Nee. Dat is geen stotteren. S-Stars zijn een legitiem fenomeen dat onderzoekers in staat stelt de activiteit van zwarte gaten nog beter te onderzoeken. Alleen al door hun aanwezigheid vragen astronomen zich af wat ze weten. Hoe is het bijvoorbeeld mogelijk voor deze massieve jonge sterren om zo dicht bij een regio te cirkelen waar het zeer onwaarschijnlijk is dat ze zich daar zullen vormen? Door de enorme kracht van de sterke zwaartekracht bij een zwart gat moesten deze sterren ooit verder van hun waargenomen positie verwijderd zijn geweest. Toen theoretici echter modellen maakten om weer te geven hoe S-sterren mogelijk naar hun huidige baanpositie zijn gereisd, kwamen de cijfers gewoon niet overeen. Hoe kunnen hun banen zo radicaal worden verwijderd van voorspellingen?

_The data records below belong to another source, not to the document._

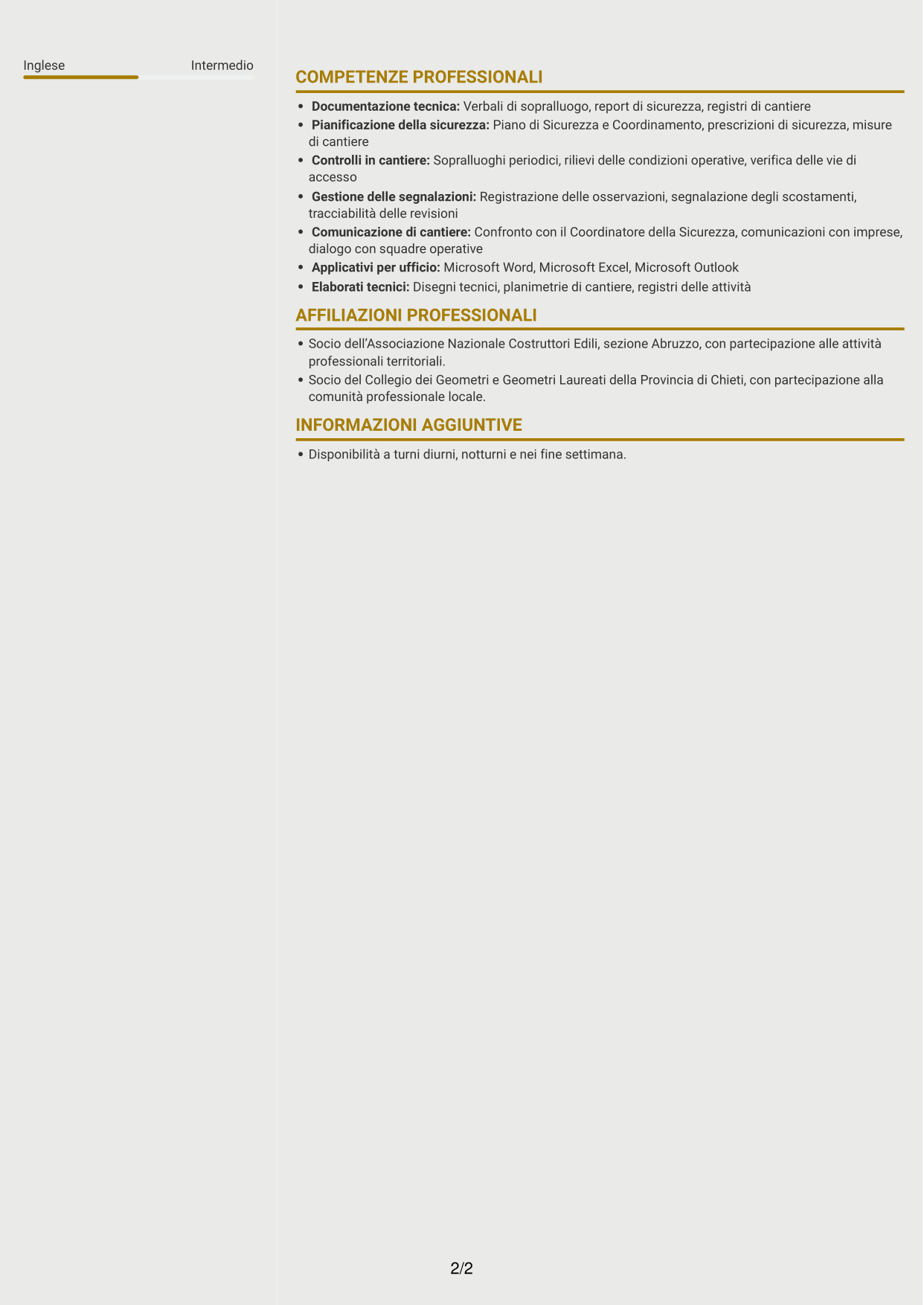 CV Dinamico (formato a due colonne con icone): Assistente al Coordinatore per la Sicurezza - Cantieri Autostradali, pagina 2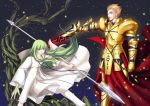  2boys androgynous armor blonde_hair chains ea_(fate/stay_night) earrings enkidu_(fate/strange_fake) fate/stay_night fate/strange_fake fate/zero fate_(series) gilgamesh green_eyes green_hair jewelry lamar1987 light_particles long_hair male_focus multiple_boys polearm red_eyes robe spear sword tattoo tree weapon 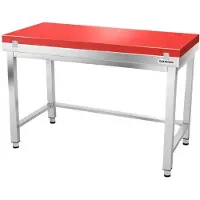 GOLDINOX Table de travail en inox 1500x600 mm avec plaque de découpe rouge et renfort PREMIUM -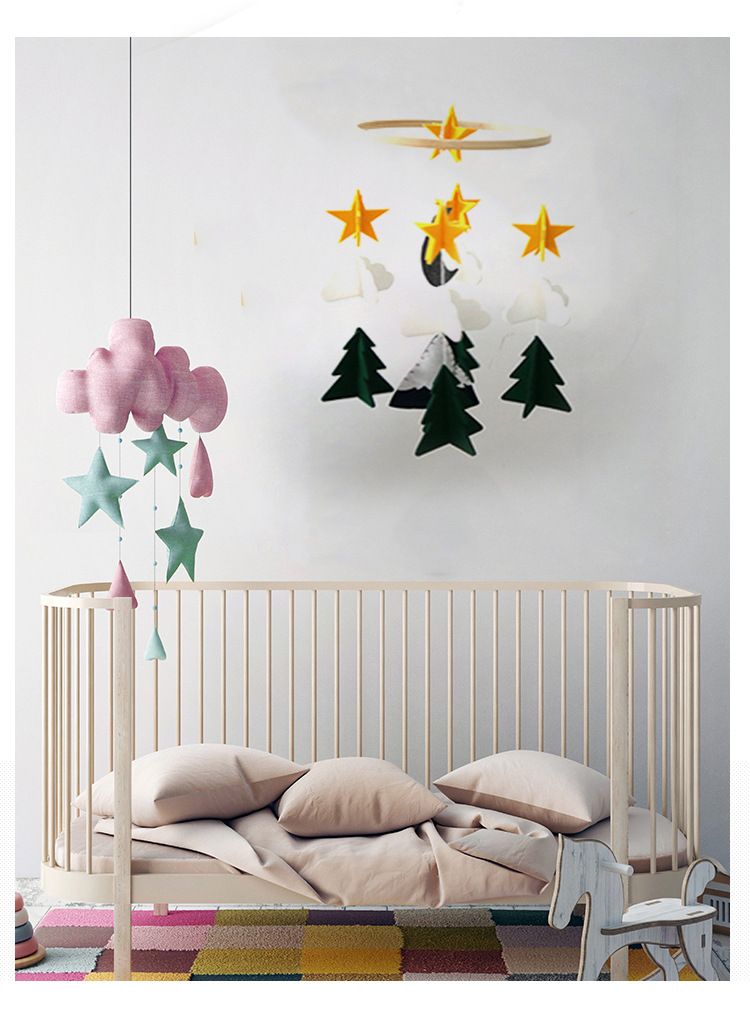 儿童房装饰挂件 毛毡挂饰毛毡挂件婴儿床挂件风铃毛毡装饰品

Vandaag presenteerde Dr. Antonini zijn beste uitleg van dit raadsel op de jaarlijkse bijeenkomst van de Canadian Astronomical Society (CASCA). In "The Origin of the S-star Cluster at the Galactic Center" gaf hij een uniforme theorie over de oorsprong en dynamiek van de S-sterren. Het was geen gemakkelijke taak, maar Antonini heeft een zeer haalbare theorie kunnen produceren over hoe deze sterren in de buurt van een superzwaar zwart gat konden komen in slechts tientallen miljoenen jaren sinds hun vorming.

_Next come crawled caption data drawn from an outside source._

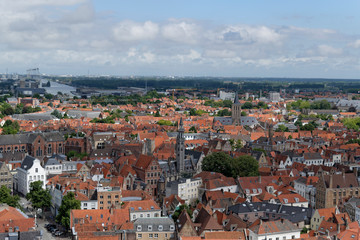 Fototapeta na wymiar View of city of Bruges from Belfry Bell Tower, Belgium, Europe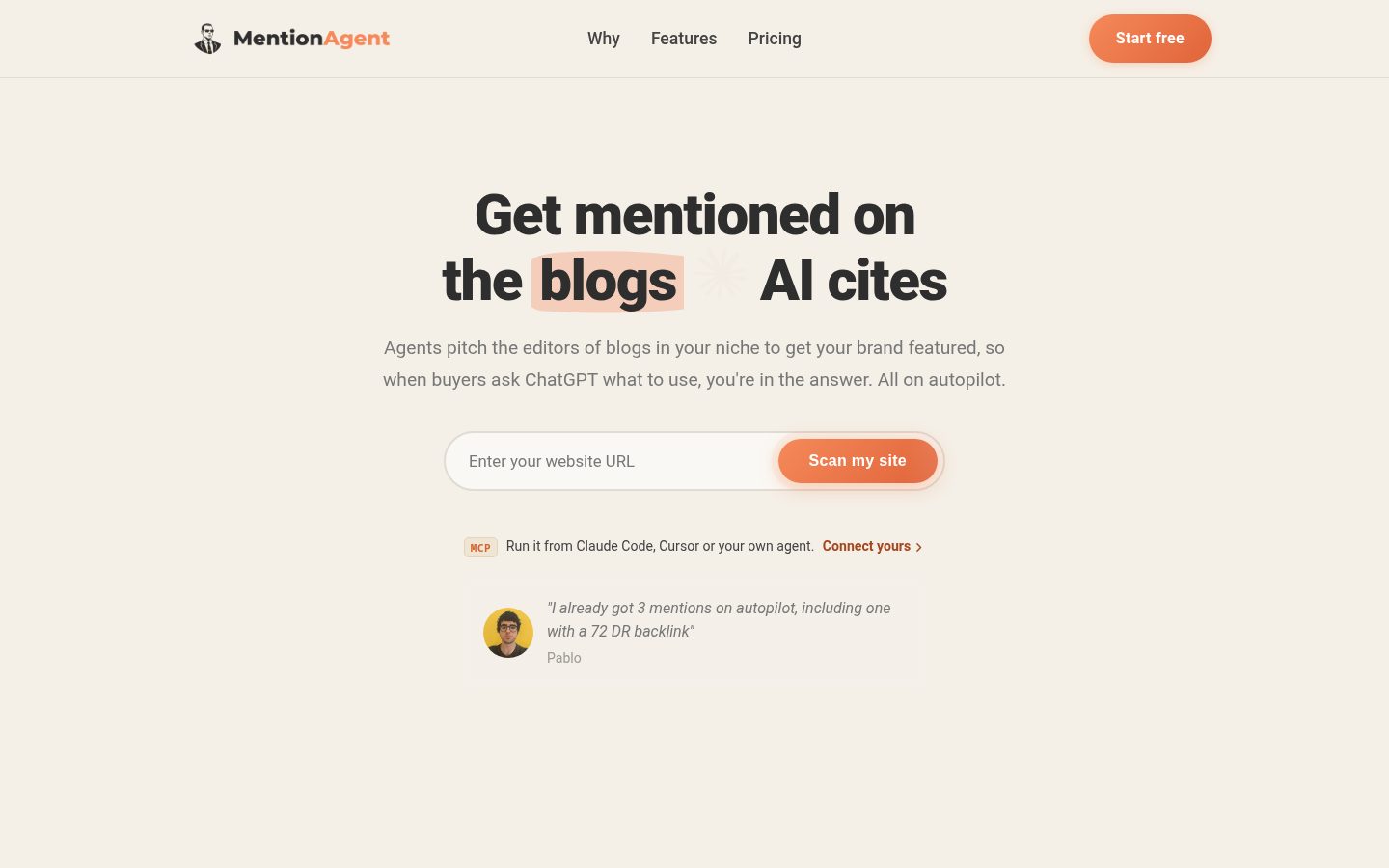 MentionAgent Homepage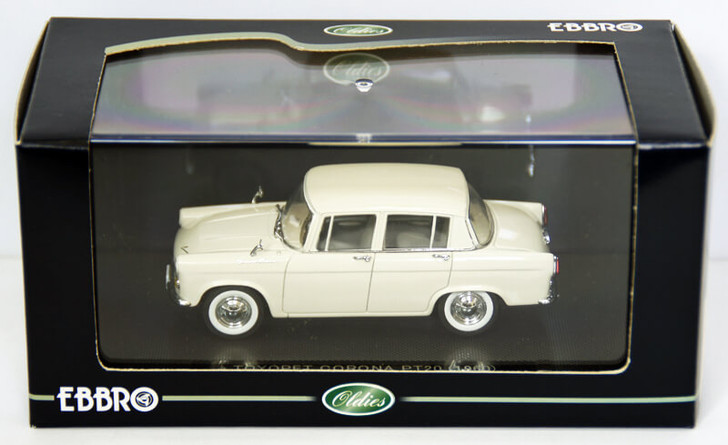 Ebbro 43677 TOYOPET CORONA PT20 1960 White 1/43 Scale (4526175436773)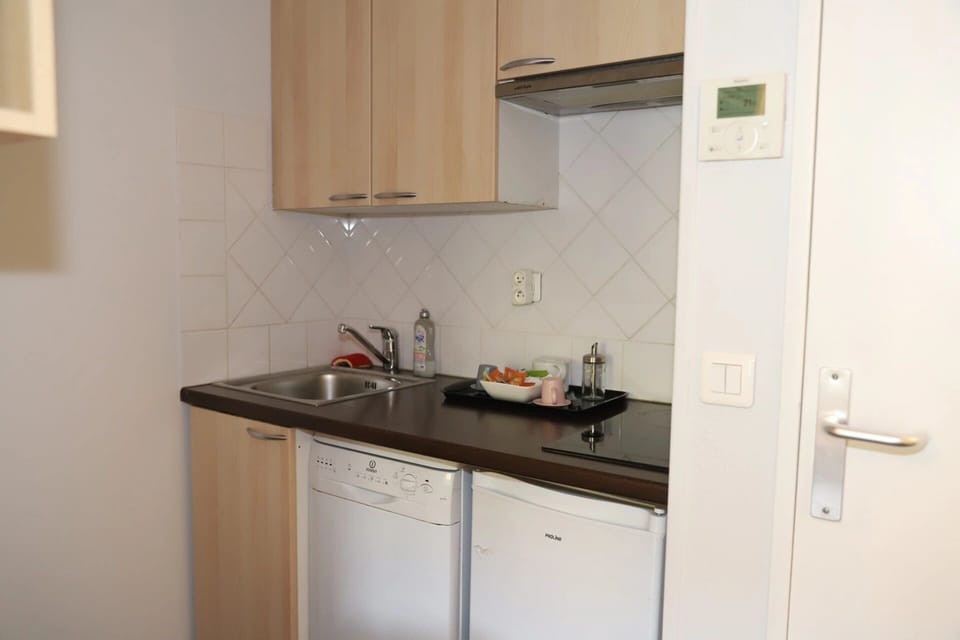 Superior Apartment, Patio | Private kitchen | Mini-fridge, microwave, stovetop, dishwasher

"Er bestaan theorieën over hoe migratie van grotere afstanden heeft plaatsgevonden, maar tot nu toe hebben ze niet overtuigend kunnen uitleggen waarom de S-sterren rond het galactische centrum draaien zoals ze doen", zei Antonini. "Als hoofdreekssterren kunnen de S-sterren niet ouder zijn dan ongeveer 100 miljoen jaar, maar toch lijkt hun orbitale verdeling‘ ontspannen ’, in tegenstelling tot de voorspellingen van modellen voor hun oorsprong."

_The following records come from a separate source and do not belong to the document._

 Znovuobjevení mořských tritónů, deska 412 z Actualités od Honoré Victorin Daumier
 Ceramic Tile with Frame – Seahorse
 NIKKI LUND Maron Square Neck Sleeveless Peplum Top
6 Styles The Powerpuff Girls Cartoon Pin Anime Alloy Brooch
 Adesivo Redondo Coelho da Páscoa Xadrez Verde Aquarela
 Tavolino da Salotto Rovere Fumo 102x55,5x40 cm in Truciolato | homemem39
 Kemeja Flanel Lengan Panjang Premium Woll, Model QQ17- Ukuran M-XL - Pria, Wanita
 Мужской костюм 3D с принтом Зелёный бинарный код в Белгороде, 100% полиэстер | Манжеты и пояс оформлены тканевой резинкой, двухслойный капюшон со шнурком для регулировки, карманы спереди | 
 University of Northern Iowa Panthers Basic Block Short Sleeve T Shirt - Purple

Volgens het model van Antonini en Merritt begonnen S-sterren veel verder weg van het galactische centrum. Normaal? Ja. Normale modus. Toen kwamen deze ogenschijnlijk normale baansterren de zwaartekracht van het zwarte gat tegen en begonnen hun spiraal naar binnen. Terwijl ze de onverbiddelijke tocht maakten, stuitten ze op de zwaartekracht van andere sterren in de buurt, die vervolgens het S-sterren-baanpatroon veranderden. Het is een eenvoudig inzicht, en een dat verifieert hoe het galactische centrum evolueert uit de samengevoegde invloed van een superzware zwarte gaten, relativistische effecten en het handwerk van zwaartekrachtinteracties.
'Theoretische modellering van S-sterbanen is een middel om hun oorsprong te beperken, de dynamische mechanismen van het gebied nabij het galactische centrum te onderzoeken en', zegt Merritt, 'indirect om te leren over de dichtheid en het aantal ongeziene objecten in dit gebied. "
Hoewel de aanwezigheid van superzware zwarte gaten in het centrum van bijna alle enorme sterrenstelsels geen nieuw concept is, leidt verder onderzoek naar hoe ze vorm krijgen en evolueren tot een beter begrip van wat we om ons heen zien. Deze regio's zijn nauw verbonden met de vorming van de melkweg waar ze bestaan. Met het centrum van ons eigen sterrenstelsel - Boogschutter A - zo dicht bij huis, is het het perfecte laboratorium geworden om manifestaties zoals S-sterren te observeren. Het volgen van hun banen over een langere periode heeft de aanwezigheid van een superzwaar zwart gat gevalideerd en ons denken over de vele eigenaardigheden van ons eigen sterrenstelsel verlicht.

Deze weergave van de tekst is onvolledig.